What you should do: Print each line exactly, from the one with "2 Pair Vtg Sheffield" to the very last line of the listing, and keep the pictures out.

Data block:
☆ ☆ ☆ ☆ ☆

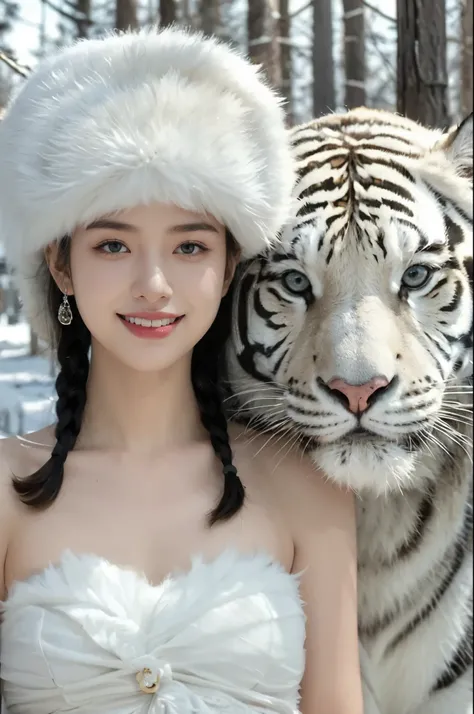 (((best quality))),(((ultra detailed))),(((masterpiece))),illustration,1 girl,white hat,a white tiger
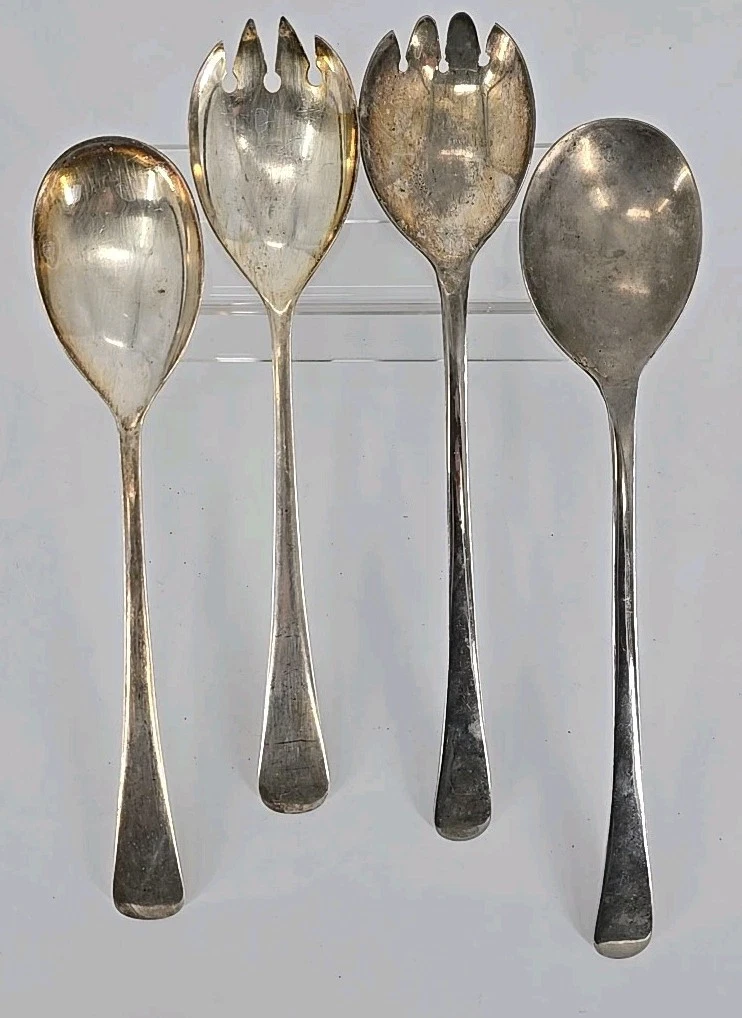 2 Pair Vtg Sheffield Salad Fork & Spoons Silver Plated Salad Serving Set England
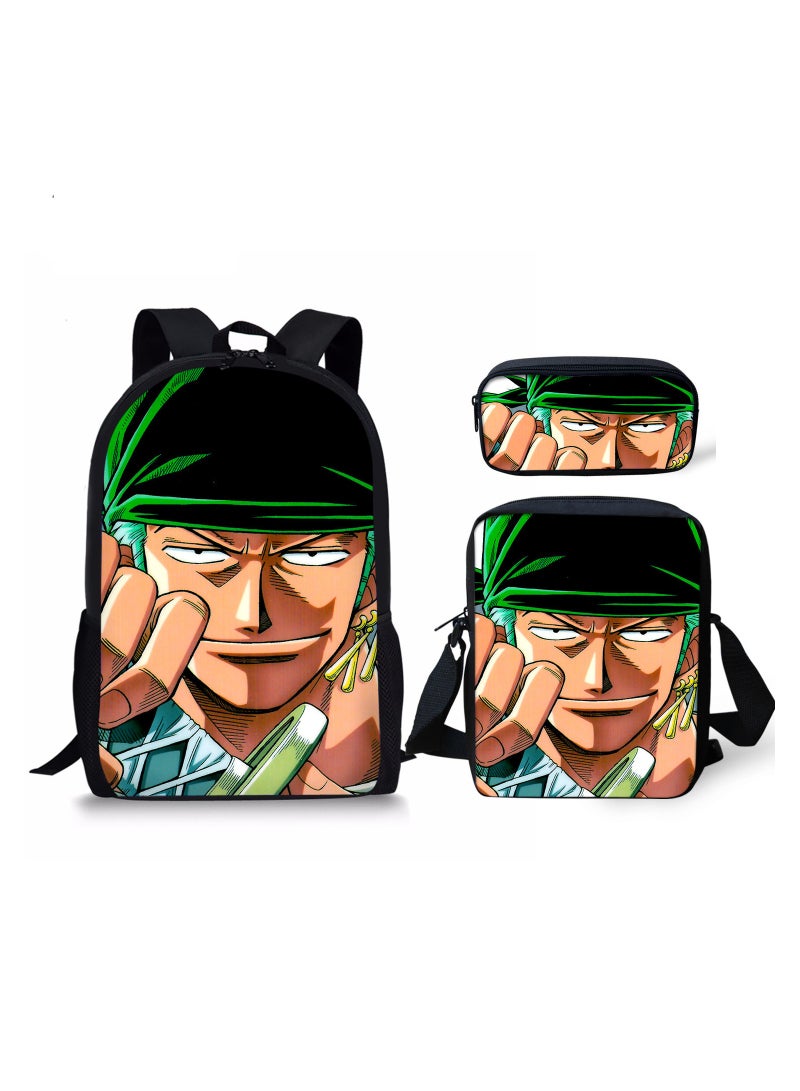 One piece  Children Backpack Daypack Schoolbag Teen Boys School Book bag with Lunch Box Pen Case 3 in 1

☆ ☆ ☆ ☆ ☆

Finished exercise:
 2 Pair Vtg Sheffield Salad Fork & Spoons Silver Plated Salad Serving Set England
 One piece  Children Backpack Daypack Schoolbag Teen Boys School Book bag with Lunch Box Pen Case 3 in 1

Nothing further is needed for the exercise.